To the left of the livery another adobe house was partially obscured, leaving a hidden way for anybody to get to it unseen. Obviously the rustlers had to be going that way. Johnnie tried to snatch glimpses from around the corner, while the three who had fired hurried to reload. Not much could be achieved until they had. In the meantime, the rustlers were getting an opportunity to scatter.
‘Mary-Lou, Danny, you two stay here/ Johnnie directed. ‘Try to stop any of them from coming out of the saloon around this side to our right. The rest of us will go to meet them coming around the other way.’
‘How will we know which ones they are?’ Mary-Lou asked.
‘They’ll be trying to kill you. There isn’t anything else they can do, now that they know we’ve followed them here.’
Mary-Lou was pale, but her lips had set determinedly.
‘Don’t worry. I’ll cover her,’ Danny offered.
‘Don’t fire unless they try to rush you,’ Johnnie advised. ‘Just remember, they’ll be waiting for you to stick your head around the corner of this building.’
With Bobcat and Little Hawk, Johnnie circled to the left, aiming to find whoever had run from the saloon in that direction. The single street, and all the open ground, was deserted. Some townsfolk were looking out of windows and doorways in several places. None attempted to interfere.
Their first opposition was a shot which seemed to come from nowhere, until they observed the line of it as it skittered away through the dust. Back down that line was the open doorway of the plank-built livery stable. The gunman had to be in the deep shadows inside, where his gunsmoke would be lost in the gloom.
Little Hawk dodged back. Johnnie and Bobcat dived for the corner of the next building, a rickety construction of uneven pine logs. More lead urged them on their way. Not all of it came from the stable. Gunfire echoed and re-echoed off the hills, overlaying the loud neighing of the horses, the anxious voices of townsfolk yelling at their children.
‘They’re spreadin’ ahead of us,’ Bobcat observed, while he tried to locate the several places the fire was coming from.
Little Hawk had taken a position at the corner of their first building. He would stop anybody attacking Mary-Lou and Danny from behind, Johnnie and Bobcat moved on around the log cabin.

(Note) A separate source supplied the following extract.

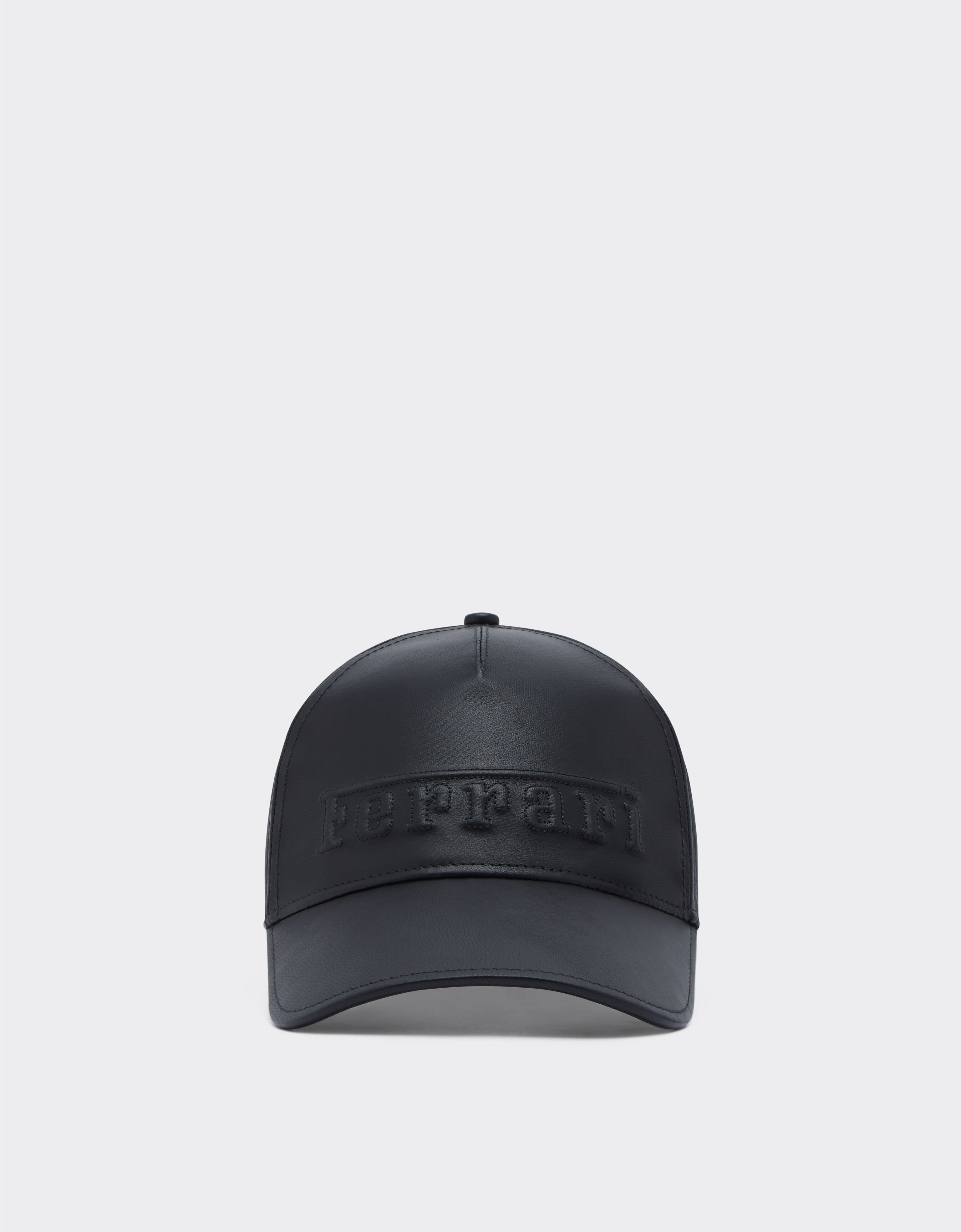 Ferrari Baseballkappe aus Nappaleder mit Ferrari-Logo Optisch Weiß 21748f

Almost immediately Bobcat fired past him. His target was a man who was trying to catch a horse, which had one of its forelegs caught up in its trailing reins. The man abandoned the attempt, drew, and fired back. Only then did Johnnie recognize him. He had been one of the party that had stolen Mary-Lou’s cattle, one of the men who had been chasing Mary-Lou when he had first met her.
Johnnie raised the Lefancheaux, and hesitated. He had never before fired directly on a man, face to face, in a gun duel. It was different to what he expected. It was certainly nothing like a longdistance stand-off with a rifle, where enemies are largely anonymous.
Bobcat saw his hesitation, cursed, and fired again.
The outlaw had no such qualms either. He threw one wild shot at Bobcat, one at Johnnie, and raced back toward the stables, seeking cover. Before he could reach it, Bobcat’s third shot bowled the fellow head over heels, and left him heaped up against the stable wall. He didn’t move again after that.
Johnnie looked at his unfired gun, and went pale. The chips were down, and he was being found short.